Search code examples
pythonregexbinaryfiles

re and binary file, python strange behavior


i have a strange behavior of re.search on a binary file. Here is my python screenshot :

enter image description here

As you can see, i have two problems :

  • re can't find a pattern which is indeed in the file
  • include "\x5b" in an expression results in an error

Any idea?


Solution

  • \x5b is the ASCII [ character, the left square bracket.

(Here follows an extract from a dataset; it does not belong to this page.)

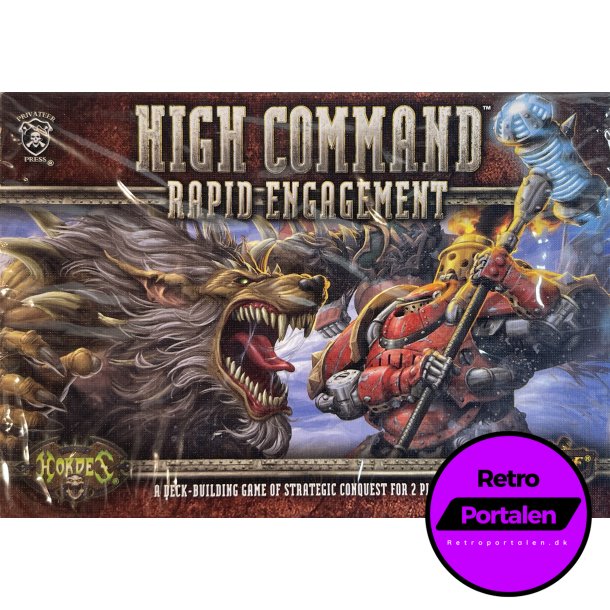 Warmachine: High Command - Rapid Engagement (NY) (Kortspil)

That's a regex meta character forming the start of a [...] character class specification and needs to be escaped if you want to match a literal [ character:

    >>> import re
    >>> re.search('[', '')
    Traceback (most recent call last):
      File "<stdin>", line 1, in <module>
      File "/Users/mjpieters/Development/venvs/stackoverflow-2.7/lib/python2.7/re.py", line 146, in search
        return _compile(pattern, flags).search(string)
      File "/Users/mjpieters/Development/venvs/stackoverflow-2.7/lib/python2.7/re.py", line 251, in _compile
        raise error, v # invalid expression
    sre_constants.error: unexpected end of regular expression
    >>> re.search('\[', '')
    

    The same applies to \x41, that's the ^ character, which in a regex context matches the start of the string only, not the literal character ^. Since you tried to match data before the ^ point the regex can't match anything, simply because that makes the anchor invalid.

    If you are only searching for literal text matches, don't use a regex. You could just use str.find() or str.index() to get the index of matched text.

    If you are using this in a larger expression and generate the expression from data, then use re.escape() to ensure all metacharacters are properly escaped first.